1

In C when you have a function that returns a pointer to one of it's local (on the stack) variables the calling function gets null returned instead. Why does that happen?

I can do this in C on my hardware

void A() {
    int A = 5;
}

void B() {
    // B will be 5 even when uninitialised due to the B stack frame using
    // the old memory layout of A
    int B;
    printf("%d\n", B);
}

int main() {
    A();
    B();
}

Due to the fact that the stack frame memory doesn't get reset and B overlays A's memory record in the stack.

However I can't do

int* C() {
    int C = 10;
    return &C;
}

int main() {
    // D will be null ?
    int* D = C();
}

I know I shouldn't do this code, it's UB, is different on different hardware, compilers could optimize it to change the behaviour of the example, and it will get clobbered when we next call another function in this example anyway.

But I was wondering why specifically D is null when compiled with GCC and why I get a segmentation fault if I try and access that memory address, shouldn't the bits still be there?

Is it the compiler doing this?

Atrox1449
  • 63
  • 1
  • 7
  • 4
    This is all undefined behaviour.
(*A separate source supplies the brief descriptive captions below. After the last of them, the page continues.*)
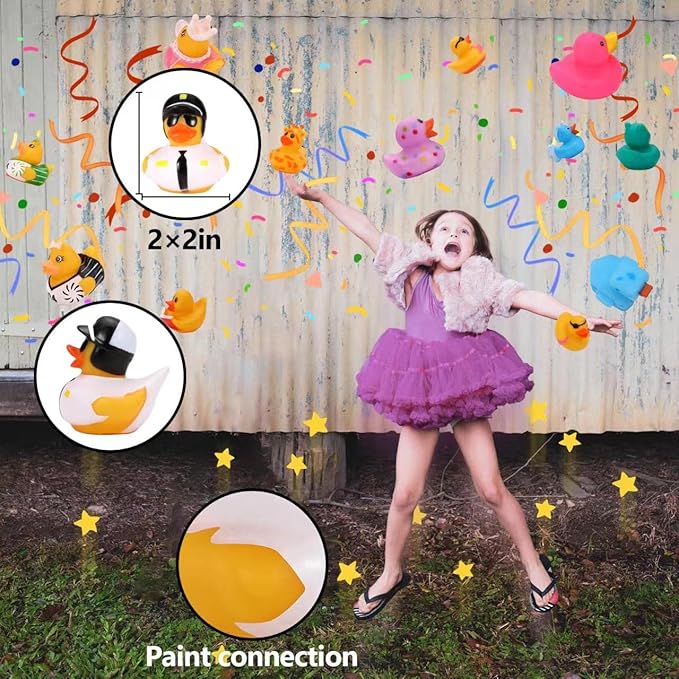 50 Pack Rubber Ducks for Kids Bath Toys and Jeep Ducks for Ducking, Rubber Ducks in Bulk for Kids, Baby Showers Accessories, Birthday Gifts and Summer Pool Party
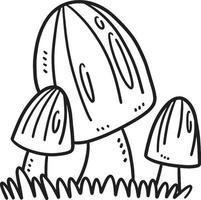 Spring Mushroom Isolated Coloring Page for Kids vector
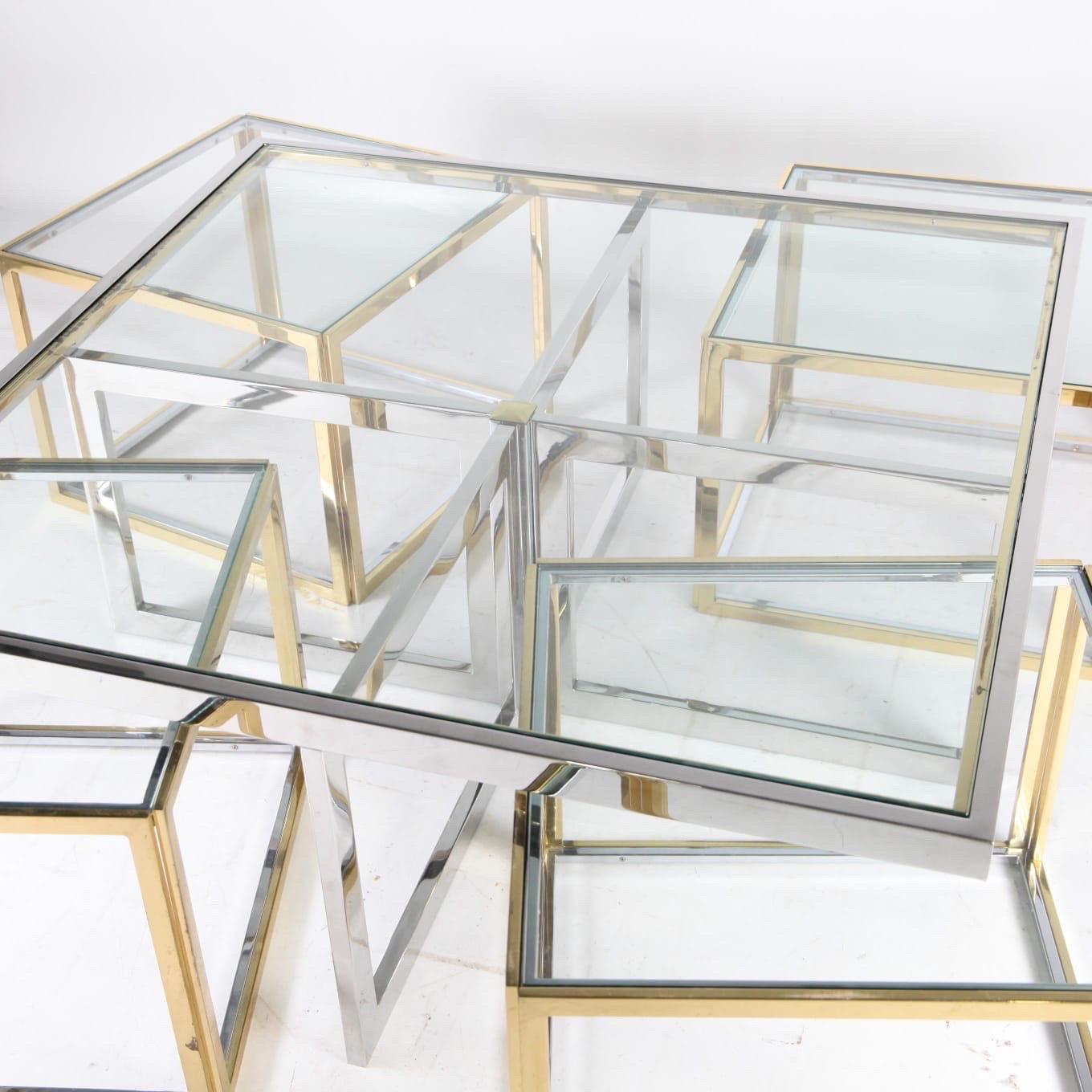 Large chrome and gilded metal coffee table  In Good Condition In Isle Sur Sorgue, FR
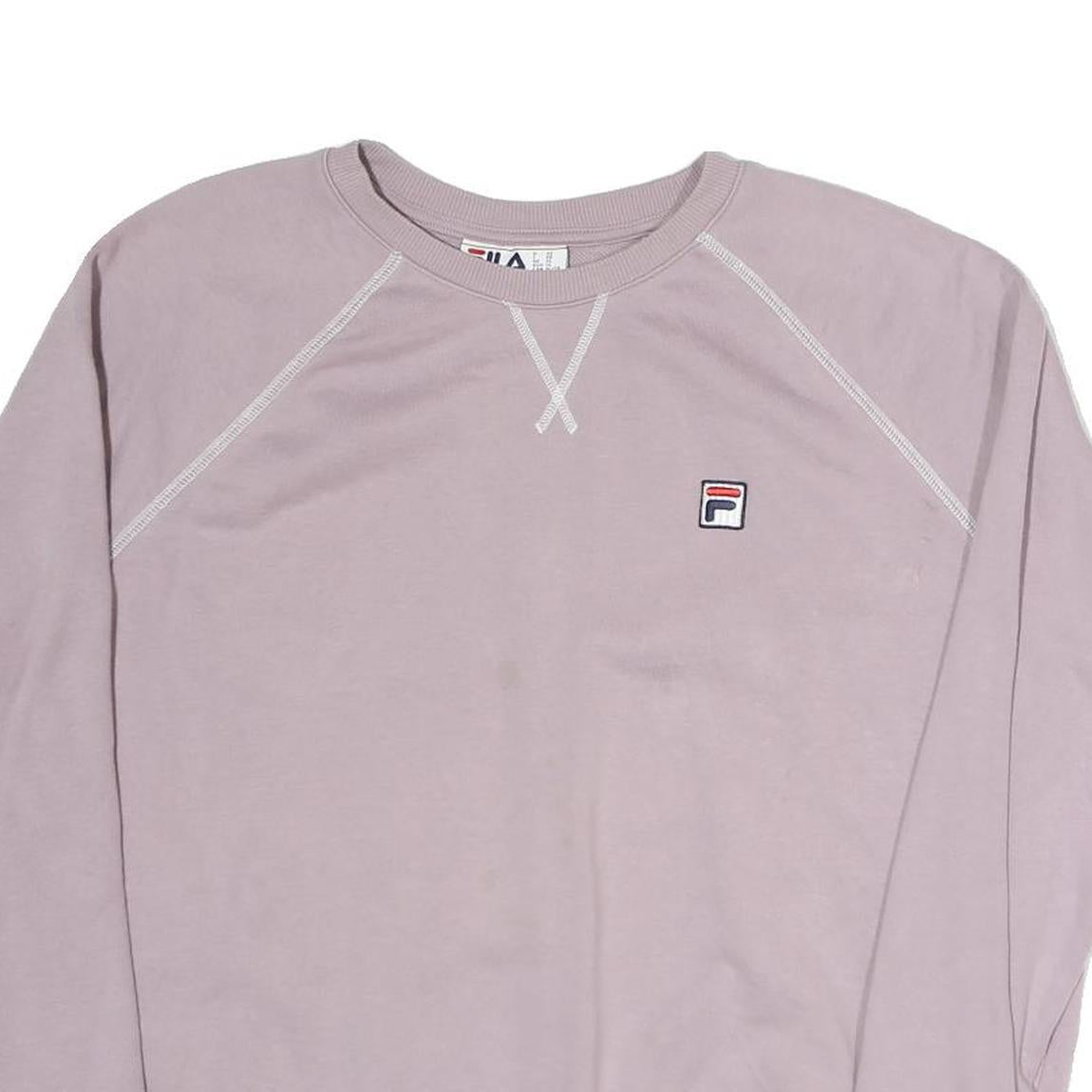 FILA Womens Pink XL Crew Neck Cotton Sweatshirt Logo Patch Casual Pullover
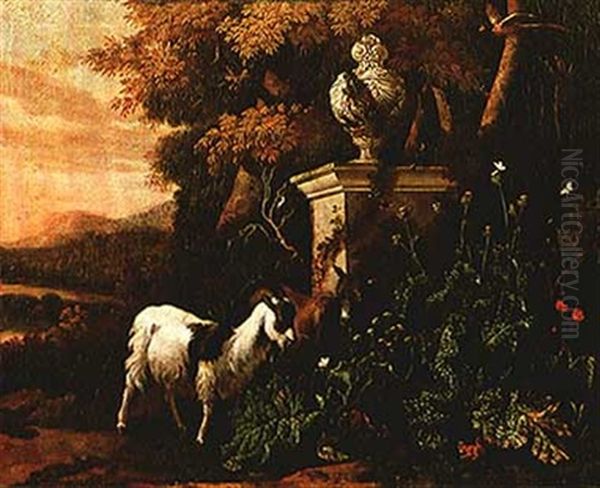 Goats And Birds In A Landscape Oil Painting by Abraham Jansz. Begeyn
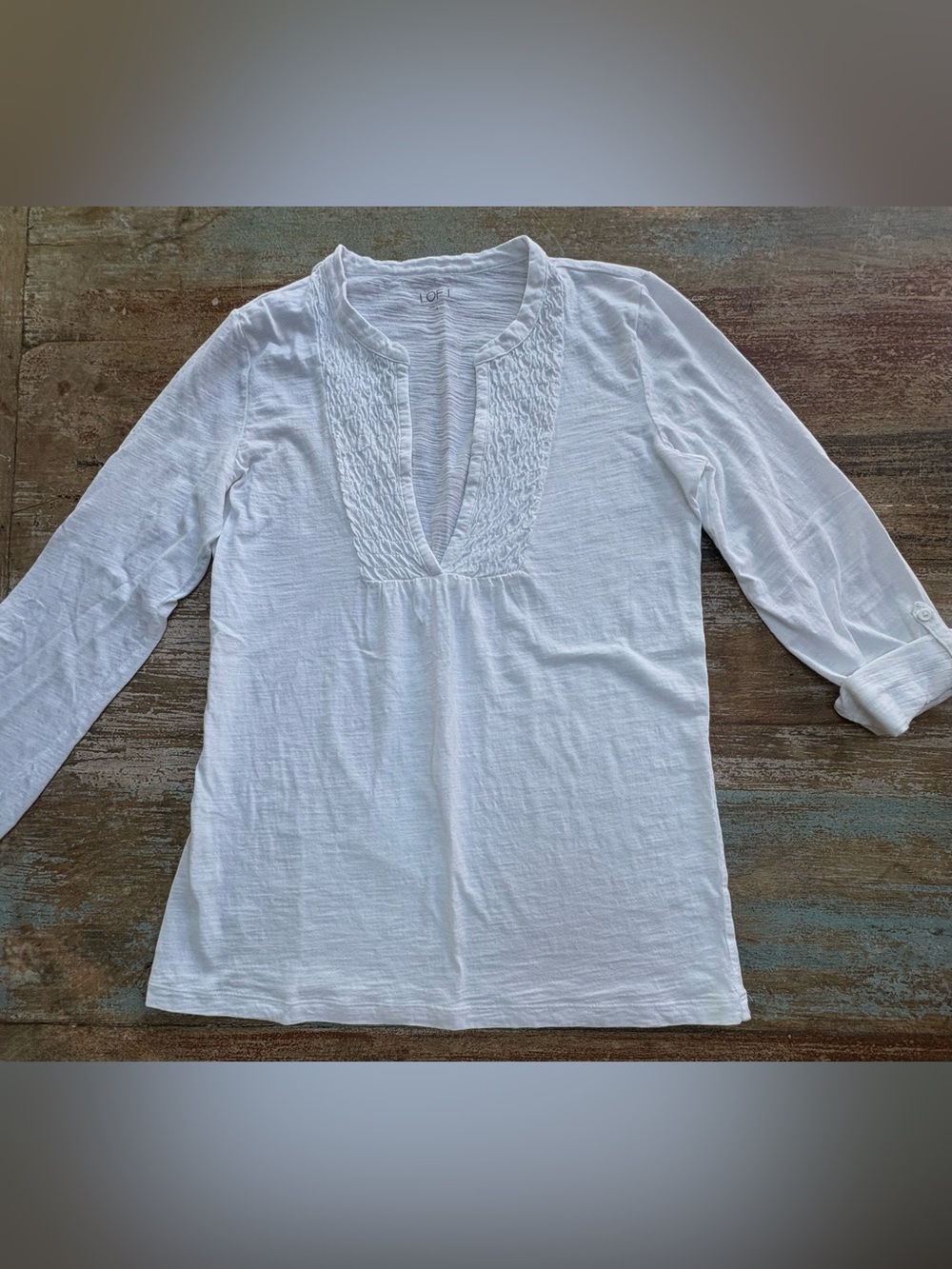 LOFT White Smocked V-Neck Cotton Tunic Top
Your program does not comply with the rules of the C language therefore none of the guarantees in said rules apply . – M.M Jun 04 '20 at 20:59
  • 1
    My guess is - the compiler was doing you a favor by making your program crash sooner rather than later. I've just tried the scenario in MSVC 2019 - got a warning and the value of D was not NULL. The compiler sees you're returning a local address and knows how wrong that is. If you returned a local address via a more subtle mechanism, you might've got the actual pointer to the no longer valid stack location. – Seva Alekseyev Jun 04 '20 at 21:02
  • If you have compiler optimizations active, then most of your assumptions will likely be wrong. For example, any good optimizer will optimize the line `int A = 5;` away, as the result is not used. Also, the compiler is allowed to treat any code paths which cause undefined behavior as unreachable, which means that it is also allowed to simply optimize them away. I suggest you read [this answer by Microsoft Blogger Raymond Chen](https://stackoverflow.com/a/9452284) for more information. – Andreas Wenzel Jun 04 '20 at 21:08

2 Answers2

6

GCC sees the undefined behaviour (UB) visible at compile time and decides to just return NULL on purpose. This is good: noisy failure right away on first use of a value is easier to debug. Returning NULL was a new feature somewhere around GCC5; as @P__J__'s answer shows on Godbolt, GCC4.9 prints non-null stack addresses.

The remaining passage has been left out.